Creating Communities of "Artists"

This morning I noticed a torn piece of paper with something I’d written on it from awhile back:

  • How do we form a community that creates artists rather than just critics?
  • Justice should always come first, justice is innovative.

I am not sure what I was reading when I wrote these two thoughts down, but I know they are not original to me. But today I found these two statements helpful in reflection as our meeting is currently struggling to decide what to do with a house we own but is in need of a lot of care. We are a smaller church without a ton of resources but we have a deep desire to do what is right not only for us but also for the broader community of Camas and Washougal.
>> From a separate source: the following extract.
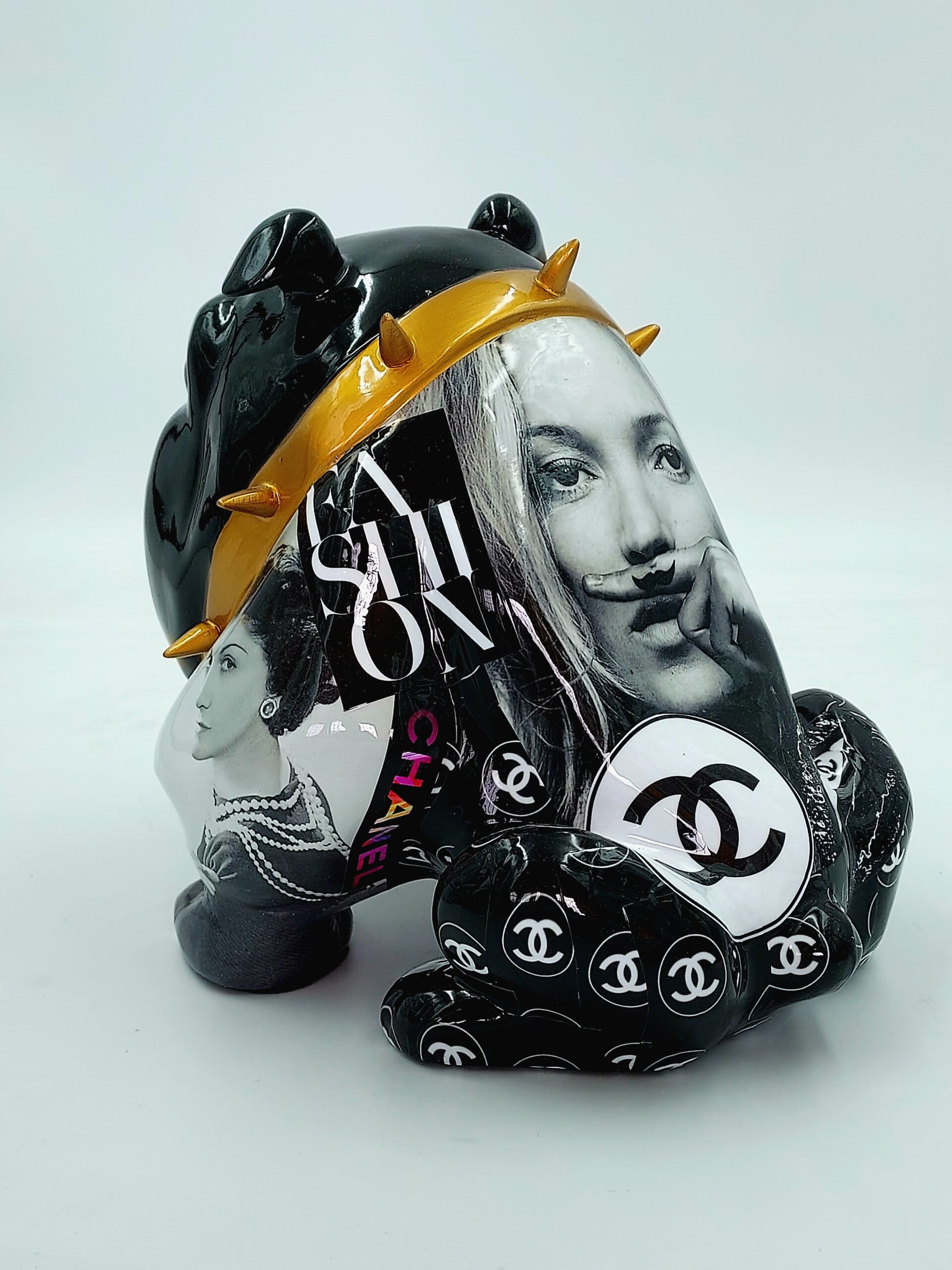 Bulldog Avella 55cm dog - Coco 2 Black sculpture of a bear adorned with fashion magazine cutouts, gold spikes, and Chanel logos.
The house has been used as a rental in the past, and was once (I believe) the parsonage. The last tenants took advantage of our church and not only stopped paying rent but continued to trash the place. Finally, they had to be evicted, which was a very difficult thing for us to do. This house has since become a burden. It needs a lot of work and repairs with funds we don’t have and volunteers we are short on or who are worn out. And many don’t really want to rent the house out again (who can blame them), yet no clear vision of what God might have us has come forth.

There are people who need a place to live in Camas, people living under bridges, people on the verge of being evicted from their homes for one reason or another, so keeping it available as affordable housing is not a bad idea. But there are other needs and ideas as well. Maybe we could turn it into a community living room, a kind of open and creative space for youth. Maybe we could turn the house into a communal home for young Quakers wishing to have training in ministry and do justice-related work in the community. Maybe we could turn it into a cafe, a thrift store, etc… We are currently working with the local Food Co-Op to have them potentially take over the bottom level of the house! So there are many ideas but we are not sure which is the proper one to pursue, and it feels like until we can really have a good purpose for the house, it’s going to be difficult to rally the  people needed to get the place up and running again. So what feels like a major time-sink and energy drain becomes a vicious cycle.

Then, I sit down and read this little piece of paper and I wonder if this house might not be somehow connected to trying to form a community of artists? And how and in what ways God’s desire for justice is guiding the vision of the house?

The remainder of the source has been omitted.